• Recorded information:
******

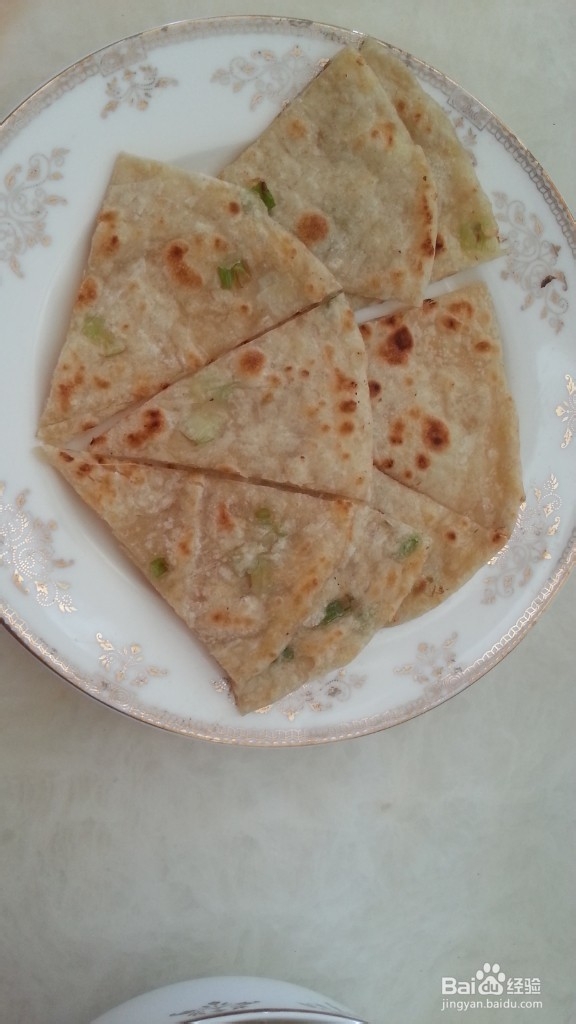 家常版葱油饼的做法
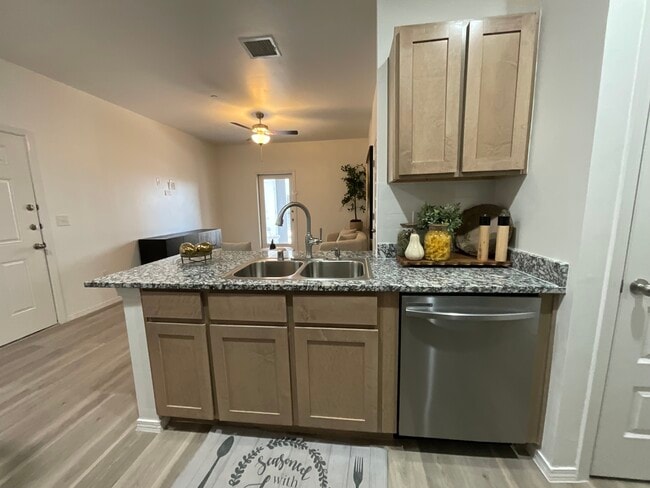 2 Bedroom/2 Bathroom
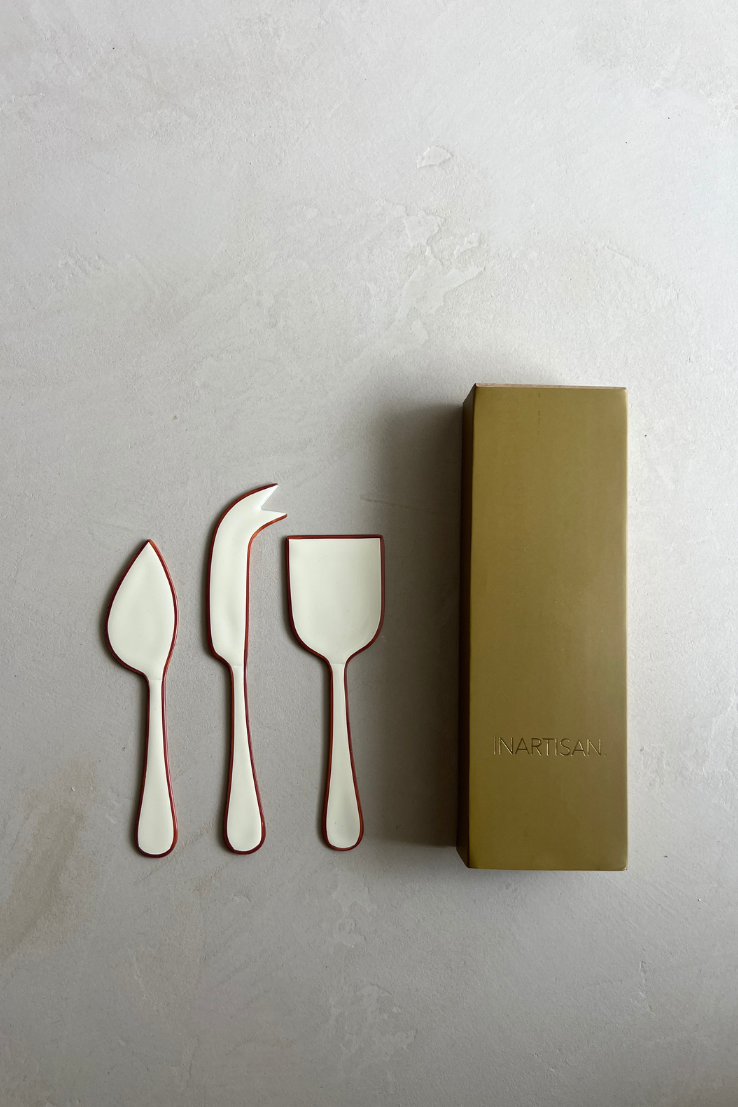 Enamel Cheese Set, Cream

******

• What you should do: Except for the pictures, give the data again word for word.

• Answer to the problem:
 家常版葱油饼的做法
 2 Bedroom/2 Bathroom
 Enamel Cheese Set, Cream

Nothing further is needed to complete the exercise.